TRY IT → Give the listing again in full and exactly, apart from its pictures.

START COLLECTED DATA

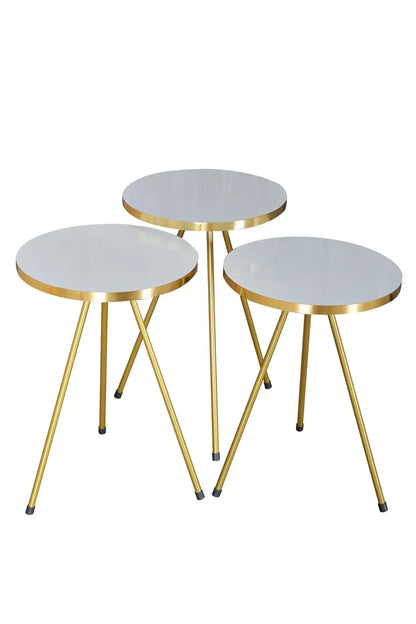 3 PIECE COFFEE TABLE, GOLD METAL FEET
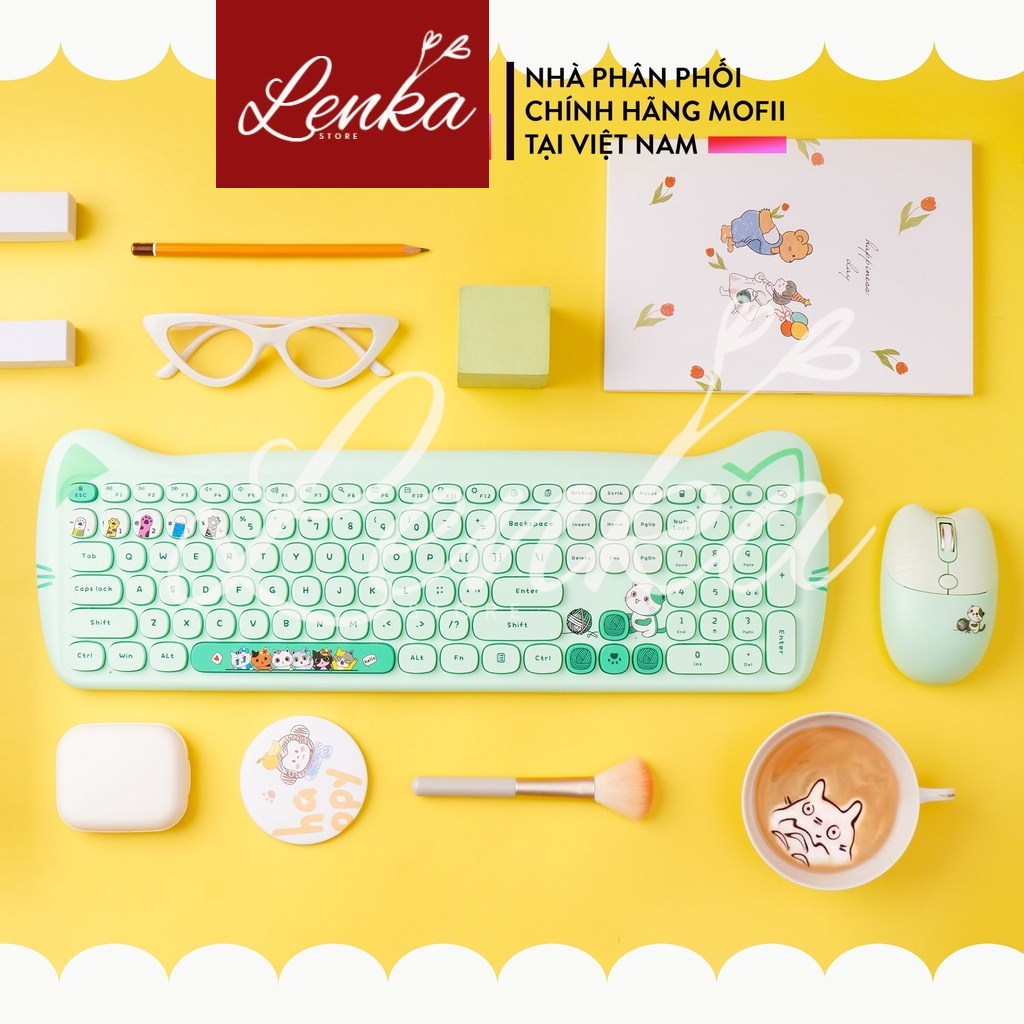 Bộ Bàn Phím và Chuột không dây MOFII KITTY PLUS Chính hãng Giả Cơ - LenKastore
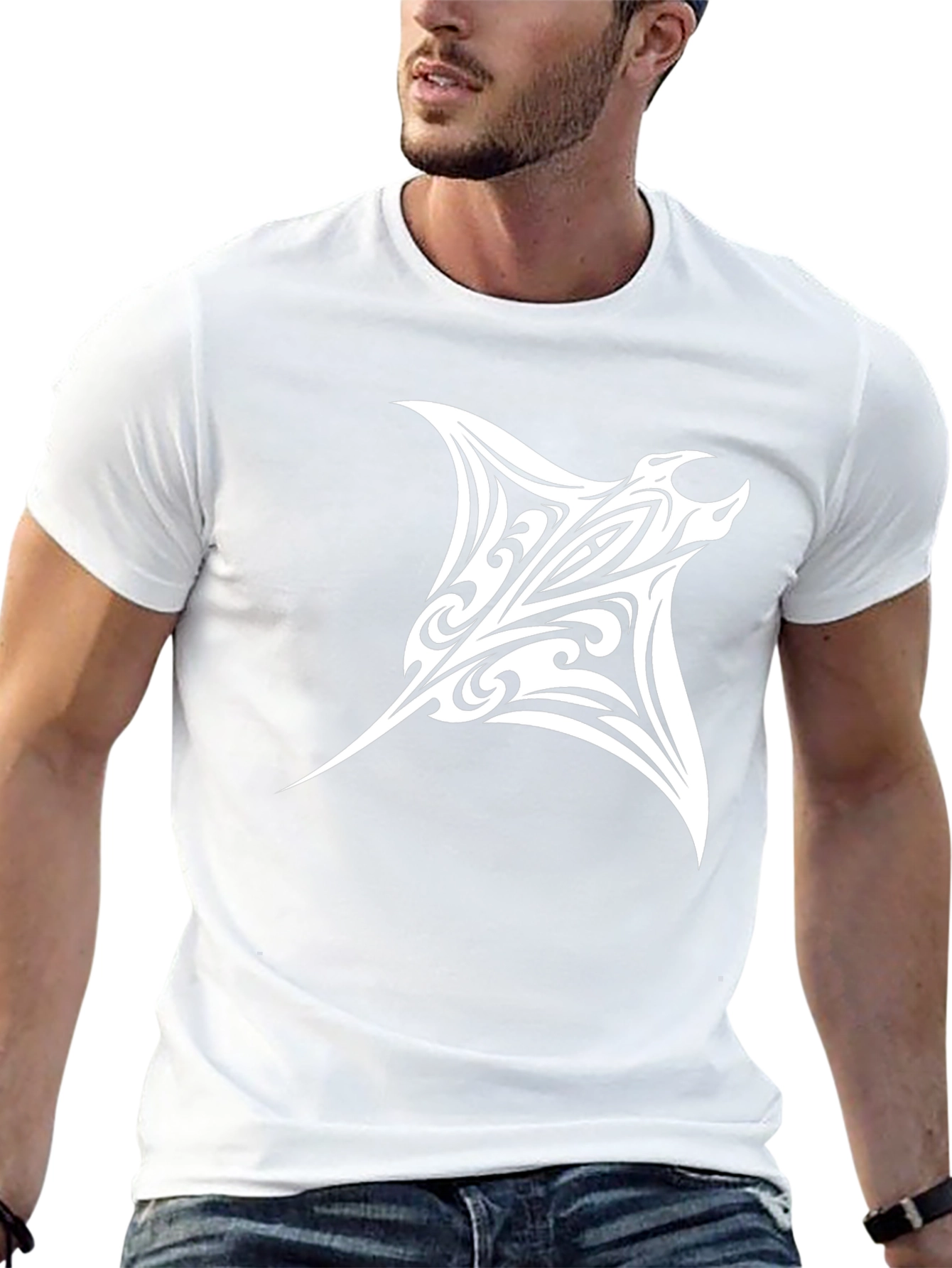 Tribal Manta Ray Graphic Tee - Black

END COLLECTED DATA

THE COMPLETED TASK →
 3 PIECE COFFEE TABLE, GOLD METAL FEET
 Bộ Bàn Phím và Chuột không dây MOFII KITTY PLUS Chính hãng Giả Cơ - LenKastore
 Tribal Manta Ray Graphic Tee - Black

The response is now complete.